Donald Knuth is the American computer scientist whose lifelong project of writing The Art of Computer Programming — begun in 1962 and still in progress — is the closest counterpart in American computing to Dijkstra's EWD series. Knuth received the Turing Award in 1974 for "major contributions to the analysis of algorithms and the design of programming languages, and in particular for his contributions to 'the art of computer programming'." His 1974 paper "Structured Programming with go to Statements" was the most rigorous defense of disciplined go to use and the most serious opponent of Dijkstra's 1968 position.
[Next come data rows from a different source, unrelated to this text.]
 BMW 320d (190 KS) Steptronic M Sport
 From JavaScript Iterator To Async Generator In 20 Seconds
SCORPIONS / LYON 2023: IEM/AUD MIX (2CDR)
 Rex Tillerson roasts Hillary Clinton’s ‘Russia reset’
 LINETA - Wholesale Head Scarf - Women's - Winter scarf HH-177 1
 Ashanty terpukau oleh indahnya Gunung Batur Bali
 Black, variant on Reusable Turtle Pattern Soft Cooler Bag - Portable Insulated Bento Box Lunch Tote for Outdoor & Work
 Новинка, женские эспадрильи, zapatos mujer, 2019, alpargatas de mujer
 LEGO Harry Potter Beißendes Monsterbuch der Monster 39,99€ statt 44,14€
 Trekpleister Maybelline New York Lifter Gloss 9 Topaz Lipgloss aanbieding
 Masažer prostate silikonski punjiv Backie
Knuth also invented TeX, the typesetting system, which he wrote in the late 1970s and has maintained as a public good ever since — an operational demonstration of the kind of patient, discipline-respecting work that Dijkstra's framework demands.
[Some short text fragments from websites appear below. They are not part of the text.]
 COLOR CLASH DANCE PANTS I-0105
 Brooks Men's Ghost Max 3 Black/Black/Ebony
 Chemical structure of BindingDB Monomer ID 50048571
Knuth and Dijkstra shared a commitment to rigor and elegance but differed on the extent to which abstract principles should be enforced against practical counter-examples. Dijkstra's position was that the principles define the discipline, and practical difficulties are symptoms of the discipline's absence. Knuth's position was that the principles guide the discipline, but specific cases may warrant controlled exceptions where the structural alternatives would be awkward. The 1974 paper on go to statements is the most careful working-through of this disagreement.
The Art of Computer Programming is Knuth's magnum opus — a multi-volume analysis of algorithms that has been continuously published and revised since 1968. The volumes combine mathematical rigor with careful historical scholarship and engineering sensitivity, and they are, like the EWDs, a model of what patient technical writing looks like. The comparison with Dijkstra's corpus is instructive: where Dijkstra wrote short, dense, polemical manuscripts aimed at changing the profession's habits, Knuth wrote long, patient expositions aimed at building a permanent record of what algorithms are and how they work.
TeX, the typesetting system Knuth wrote between 1977 and 1989, is perhaps the most Dijkstrian piece of software in widespread use. It has been essentially bug-free for decades — Knuth famously pays small cash rewards for bugs, and the rewards are rarely claimed. The program was designed to the standards Dijkstra advocated: specified carefully, constructed deliberately, verified thoroughly, and frozen once completed rather than continuously "improved." It is a working demonstration that the Dijkstrian discipline is achievable when the builder is willing to sustain it.
Knuth's Turing lecture, "Computer Programming as an Art" (1974), argued that programming is both a science and an art — a position that diverges slightly from Dijkstra's more uncompromising insistence on programming as applied mathematics. The difference matters less than it appears. Both framings agree that programming demands rigor, discipline, and care; they disagree on the rhetorical register in which the demand should be made.
Knuth was born in 1938 in Milwaukee and educated at Case Institute of Technology and Caltech. He taught at Caltech and then at Stanford from 1968, where he has spent the rest of his career. He stopped giving public lectures in the early 2010s in order to concentrate on completing The Art of Computer Programming, and as of the mid-2020s continues to work on the remaining volumes.
His other major works include Concrete Mathematics (with Graham and Patashnik, 1989), Selected Papers on Computer Science, and the reflective Things a Computer Scientist Rarely Talks About (2001). His TeX and Metafont systems are foundational infrastructure for academic publishing.
The Art of Computer Programming. The multi-volume work begun in 1962 and still in progress — the closest American counterpart to Dijkstra's EWD series and a model of patient technical scholarship.
Defense of disciplined go to. The 1974 paper that argued for controlled exceptions to Dijkstra's position and has been absorbed into mainstream practice as the reasonable middle path.
TeX as Dijkstrian artifact. The typesetting system Knuth wrote in the late 1970s and has maintained as a public good — essentially bug-free, specified carefully, frozen once complete.
Programming as art and science. Knuth's 1974 Turing lecture argued that programming is both, a slightly softer framing than Dijkstra's applied-mathematics position.
Algorithm analysis as discipline. Knuth's rigor about asymptotic analysis and worst-case behavior is a close cousin of Dijkstra's insistence on provable correctness — the same discipline applied at the level of performance rather than functional behavior.
The Dijkstra-Knuth difference on go to has sometimes been portrayed as a major schism; it is more accurately a narrow technical disagreement inside a broad agreement on fundamentals. Both believed programming is a demanding discipline requiring rigor and patience. Both wrote at length about what that discipline looks like. Their styles differed more than their conclusions did.